→ The problem
Restate word for word the lines below, from the one containing "Стройматериалы для забора" through the final line, with no pictures included.

→ Information provided
────────────────

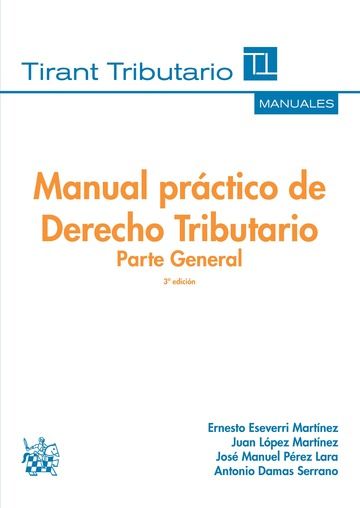 Manual Práctico de Derecho Tributario Parte General 3ª Edición 2016, de Eseverri Martínez | portada del libro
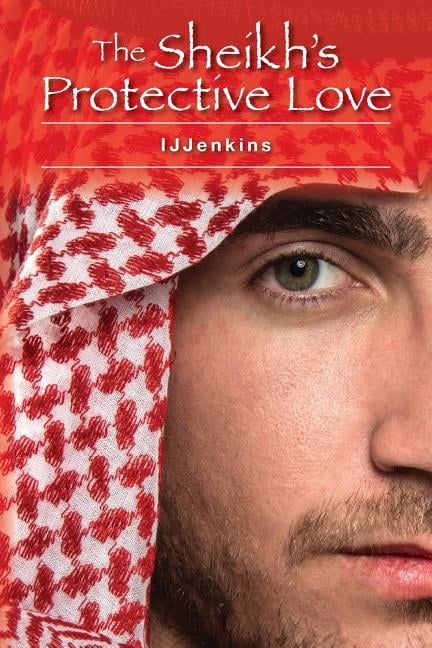 The Protective Love The Sheikh's Protective Love, Book 1, (Paperback)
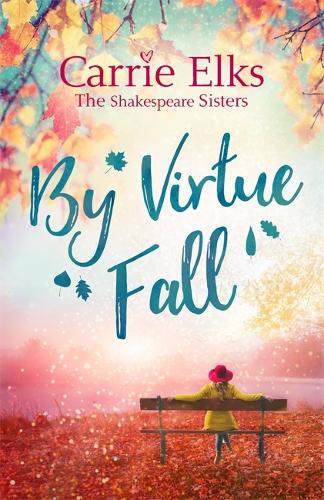 Бумажная книга «By Virtue Fall: the perfect heartwarming romance for a cold winter night», автор Керри Элкс - фото №1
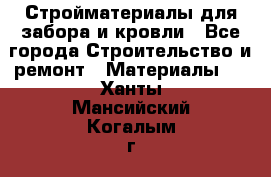 Стройматериалы для забора и кровли - Все города Строительство и ремонт » Материалы   . Ханты-Мансийский,Когалым г.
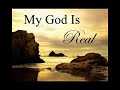 My God Is Real Sis Bethany May 12032023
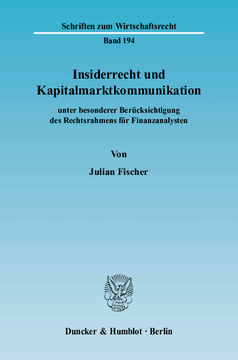 Insiderrecht und Kapitalmarktkommunikation Insiderrecht und Kapitalmarktkommunikation
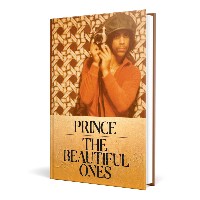 Prince: The Beautiful Ones Prince: The Beautiful Ones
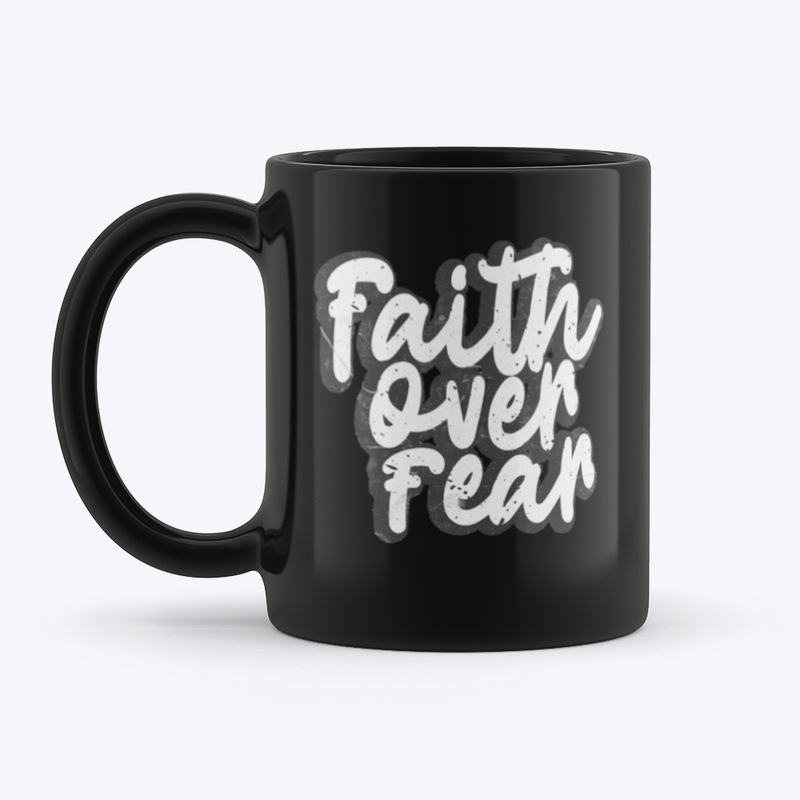 FAITH OVER FEAR / NO BACKGROUND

────────────────

→ Your response
 Стройматериалы для забора и кровли - Все города Строительство и ремонт » Материалы   . Ханты-Мансийский,Когалым г.
 My God Is Real Sis Bethany May 12032023
 Insiderrecht und Kapitalmarktkommunikation Insiderrecht und Kapitalmarktkommunikation
 Prince: The Beautiful Ones Prince: The Beautiful Ones
 FAITH OVER FEAR / NO BACKGROUND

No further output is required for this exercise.